§ **The task**: Return every line from the one with "Case2go - Hoes" through the one with "Vilhelm Hammershøi Framed", inclusive, exactly as it appears below.

§ **Data excerpts**:
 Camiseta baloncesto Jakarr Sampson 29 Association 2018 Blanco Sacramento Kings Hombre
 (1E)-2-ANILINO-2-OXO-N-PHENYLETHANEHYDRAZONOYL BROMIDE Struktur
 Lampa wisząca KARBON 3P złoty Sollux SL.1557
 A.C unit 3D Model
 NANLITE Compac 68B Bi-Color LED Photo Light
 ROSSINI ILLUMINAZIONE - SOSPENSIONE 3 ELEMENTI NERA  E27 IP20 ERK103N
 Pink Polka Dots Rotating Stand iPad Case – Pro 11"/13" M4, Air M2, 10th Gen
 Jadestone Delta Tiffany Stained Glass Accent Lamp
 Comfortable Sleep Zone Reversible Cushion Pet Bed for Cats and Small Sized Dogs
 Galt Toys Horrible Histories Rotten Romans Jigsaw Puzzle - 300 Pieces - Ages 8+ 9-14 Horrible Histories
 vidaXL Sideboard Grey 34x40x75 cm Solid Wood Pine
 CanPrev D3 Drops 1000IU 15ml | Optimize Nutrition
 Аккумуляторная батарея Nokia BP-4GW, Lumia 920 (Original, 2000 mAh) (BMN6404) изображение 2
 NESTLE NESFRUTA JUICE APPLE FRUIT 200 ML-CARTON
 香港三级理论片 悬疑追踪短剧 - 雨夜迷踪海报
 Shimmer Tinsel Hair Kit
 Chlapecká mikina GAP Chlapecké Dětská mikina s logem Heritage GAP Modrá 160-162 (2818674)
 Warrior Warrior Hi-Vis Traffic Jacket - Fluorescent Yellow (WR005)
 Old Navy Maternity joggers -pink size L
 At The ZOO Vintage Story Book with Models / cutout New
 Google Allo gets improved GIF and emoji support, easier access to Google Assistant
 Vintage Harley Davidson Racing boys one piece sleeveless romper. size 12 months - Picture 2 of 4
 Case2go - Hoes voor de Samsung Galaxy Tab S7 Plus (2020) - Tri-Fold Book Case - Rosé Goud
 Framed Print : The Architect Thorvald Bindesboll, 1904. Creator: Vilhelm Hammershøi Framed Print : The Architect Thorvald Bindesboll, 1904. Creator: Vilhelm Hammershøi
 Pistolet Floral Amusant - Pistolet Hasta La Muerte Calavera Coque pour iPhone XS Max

§ **Solution to the exercise**:
 Case2go - Hoes voor de Samsung Galaxy Tab S7 Plus (2020) - Tri-Fold Book Case - Rosé Goud
 Framed Print : The Architect Thorvald Bindesboll, 1904. Creator: Vilhelm Hammershøi Framed Print : The Architect Thorvald Bindesboll, 1904. Creator: Vilhelm Hammershøi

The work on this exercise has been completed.